I have a 100 M line file that fits in RAM on a GNU/Linux system.
This is rather slow:
sort bigfile > bigfile.sorted
and does not use all 48 cores on my machine.
How do I sort that file fast?
I have a 100 M line file that fits in RAM on a GNU/Linux system.
This is rather slow:
sort bigfile > bigfile.sorted
and does not use all 48 cores on my machine.
How do I sort that file fast?
Let us assume you have 48 cores, 500 GB free RAM and the file is 100 M lines and fits in memory.
If you use normal sort it is rather slow:
$ time sort bigfile > bigfile.sort
real 4m48.664s
user 21m15.259s
sys 0m42.184s
You can make it a bit faster by ignoring your locale:
$ export LC_ALL=C
$ time sort bigfile > bigfile.sort
real 1m51.957s
user 6m2.053s
sys 0m42.524s
You can make it faster by telling sort to use more cores:
$ export LC_ALL=C
$ time sort --parallel=48 bigfile > bigfile.sort
real 1m39.977s
user 15m32.202s
sys 1m1.336s
You can also try giving sort more working memory (this does not help if sort already has enough memory):
$ export LC_ALL=C
$ time sort --buffer-size=80% --parallel=48 bigfile > bigfile.sort
real 1m39.779s
user 14m31.033s
sys 1m0.304s
But it seems sort really likes to do a lot of single threading. You can force it to parallelize more with:
$ merge() {
if [ $1 -le 1 ] ; then
parallel -Xj1 -n2 --dr 'sort -m <({=uq=}) | mbuffer -m 30M;'
else
parallel -Xj1 -n2 --dr 'sort -m <({=uq=}) | mbuffer -m 30M;' |
merge $(( $1/2 ));
fi
}
# Generate commands that will read blocks of bigfile and sort those
# This only builds the command - it does not run anything
$ parallel --pipepart -a bigfile --block -1 --dr -vv sort |
# Merge these commands 2 by 2 until only one is left
# This only builds the command - it does not run anything
merge $(parallel --number-of-threads) |
# Execute the command
# This runs the command built in the previous step
bash > bigfile.sort
real 0m30.906s
user 0m21.963s
sys 0m28.870s
It chops the file into 48 blocks on the fly (one block per core), sorts those blocks in parallel. Then we do a merge sort of a pair of those. Then we do a merge sort of a pair of those. Then we do a merge sort of a pair of those. Then we do a merge sort of a pair of those. Then we do a merge sort of a pair of those. And so on, until we only have a single input. All of this is done in parallel when possible.
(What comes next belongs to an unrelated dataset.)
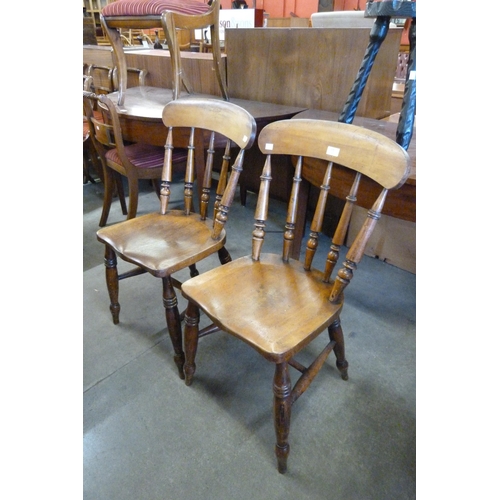 175 - A pair of Victorian beech kitchen chairs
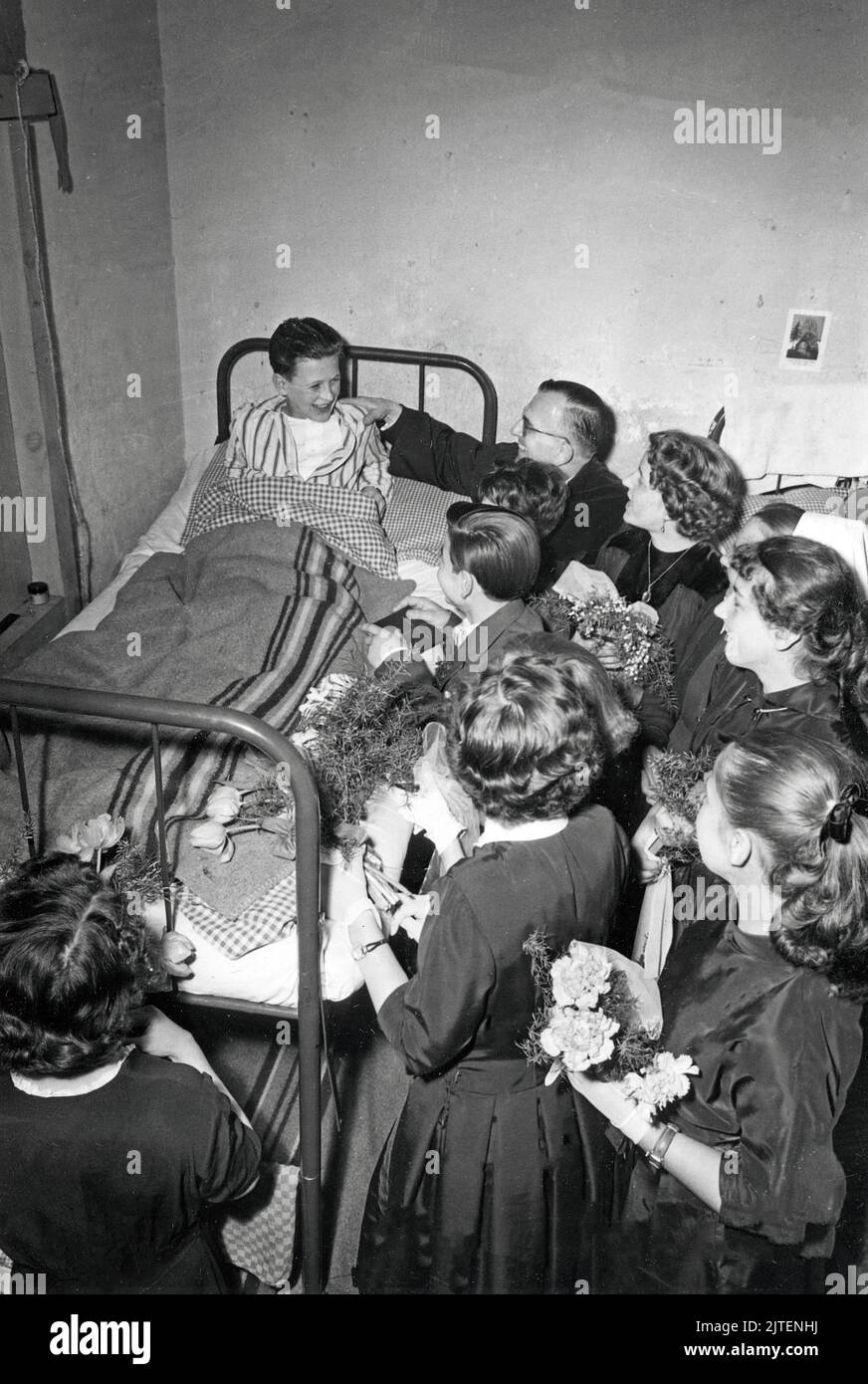 Ein kleiner Flüchtlingsjunge wird beim Aufwachen am Geburtstagsmorgen in der Flüchtlingsunterkunft von den anderen Kindern und Mitbewohnern gefeiert und hochlebengelassen, Berlin, Deutschland 1960. Foto Stock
For a 100 GB file with with 4 G lines the timings are:
$ LC_ALL=C time sort --parallel=48 -S 80% --compress-program pzstd bigfile >/dev/null
real 77m22.255s
$ LC_ALL=C time parsort bigfile >/dev/null
649.49user 727.04system 18:10.37elapsed 126%CPU (0avgtext+0avgdata 32896maxresident)k
So using the parallelization speeds up around a factor of 4.
To make it easier to use I have made it into a small tool: parsort which is now part of GNU Parallel.
It supports sort options and reading from stdin, too (parsort -k2rn < bigfile).